%%

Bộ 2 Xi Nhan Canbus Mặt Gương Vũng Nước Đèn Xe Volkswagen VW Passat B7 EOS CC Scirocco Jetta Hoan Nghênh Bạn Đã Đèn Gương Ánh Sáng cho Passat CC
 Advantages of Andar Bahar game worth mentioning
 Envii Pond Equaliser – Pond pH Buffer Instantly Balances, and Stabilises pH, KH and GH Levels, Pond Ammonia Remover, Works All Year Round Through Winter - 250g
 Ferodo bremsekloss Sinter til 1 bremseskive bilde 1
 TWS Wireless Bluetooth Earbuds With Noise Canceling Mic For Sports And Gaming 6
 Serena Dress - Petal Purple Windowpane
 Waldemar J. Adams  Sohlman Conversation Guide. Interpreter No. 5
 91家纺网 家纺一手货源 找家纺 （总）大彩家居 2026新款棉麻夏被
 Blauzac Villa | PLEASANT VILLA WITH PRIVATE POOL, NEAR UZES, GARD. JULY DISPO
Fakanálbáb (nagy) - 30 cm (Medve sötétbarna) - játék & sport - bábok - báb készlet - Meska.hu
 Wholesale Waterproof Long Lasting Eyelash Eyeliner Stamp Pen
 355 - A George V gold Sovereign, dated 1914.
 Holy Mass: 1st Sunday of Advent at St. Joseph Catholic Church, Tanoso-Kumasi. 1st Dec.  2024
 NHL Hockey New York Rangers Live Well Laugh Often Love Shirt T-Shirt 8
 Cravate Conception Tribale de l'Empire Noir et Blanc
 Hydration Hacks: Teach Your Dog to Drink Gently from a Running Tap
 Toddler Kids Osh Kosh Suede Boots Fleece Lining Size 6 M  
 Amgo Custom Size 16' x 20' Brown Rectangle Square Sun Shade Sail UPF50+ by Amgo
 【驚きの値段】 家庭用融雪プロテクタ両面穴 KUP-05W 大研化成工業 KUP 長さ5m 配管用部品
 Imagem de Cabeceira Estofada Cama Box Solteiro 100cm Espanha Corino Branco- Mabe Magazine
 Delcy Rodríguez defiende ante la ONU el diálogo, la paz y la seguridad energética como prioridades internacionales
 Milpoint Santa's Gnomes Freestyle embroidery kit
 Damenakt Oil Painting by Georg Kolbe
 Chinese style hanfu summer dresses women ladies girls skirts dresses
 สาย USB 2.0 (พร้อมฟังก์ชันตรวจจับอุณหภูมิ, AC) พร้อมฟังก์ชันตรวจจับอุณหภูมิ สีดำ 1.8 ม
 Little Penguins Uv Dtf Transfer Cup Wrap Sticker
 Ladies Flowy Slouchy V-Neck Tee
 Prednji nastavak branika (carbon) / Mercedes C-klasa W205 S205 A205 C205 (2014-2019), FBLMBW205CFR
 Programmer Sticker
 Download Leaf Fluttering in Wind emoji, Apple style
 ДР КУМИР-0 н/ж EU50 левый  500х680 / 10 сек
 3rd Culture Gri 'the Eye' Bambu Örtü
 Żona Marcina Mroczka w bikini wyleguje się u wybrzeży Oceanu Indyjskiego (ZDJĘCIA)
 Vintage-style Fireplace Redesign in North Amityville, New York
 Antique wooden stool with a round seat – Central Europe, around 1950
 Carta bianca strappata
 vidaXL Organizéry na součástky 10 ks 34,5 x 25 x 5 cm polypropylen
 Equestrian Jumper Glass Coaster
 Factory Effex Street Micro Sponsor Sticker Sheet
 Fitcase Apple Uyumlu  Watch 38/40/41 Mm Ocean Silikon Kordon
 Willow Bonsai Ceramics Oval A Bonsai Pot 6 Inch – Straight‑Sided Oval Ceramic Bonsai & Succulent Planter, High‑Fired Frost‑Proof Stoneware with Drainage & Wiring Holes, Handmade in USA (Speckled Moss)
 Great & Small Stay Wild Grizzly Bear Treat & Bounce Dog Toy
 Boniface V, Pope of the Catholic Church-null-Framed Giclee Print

%%

**AIM OF THE EXERCISE**
Out of the entries above, write out only the lines between the line holding "Waldemar J. Adams" and the line holding "NHL Hockey New", inclusive, each exactly as given.

**ANSWER FOR THE TASK**
 Waldemar J. Adams  Sohlman Conversation Guide. Interpreter No. 5
 91家纺网 家纺一手货源 找家纺 （总）大彩家居 2026新款棉麻夏被
 Blauzac Villa | PLEASANT VILLA WITH PRIVATE POOL, NEAR UZES, GARD. JULY DISPO
Fakanálbáb (nagy) - 30 cm (Medve sötétbarna) - játék & sport - bábok - báb készlet - Meska.hu
 Wholesale Waterproof Long Lasting Eyelash Eyeliner Stamp Pen
 355 - A George V gold Sovereign, dated 1914.
 Holy Mass: 1st Sunday of Advent at St. Joseph Catholic Church, Tanoso-Kumasi. 1st Dec.  2024
 NHL Hockey New York Rangers Live Well Laugh Often Love Shirt T-Shirt 8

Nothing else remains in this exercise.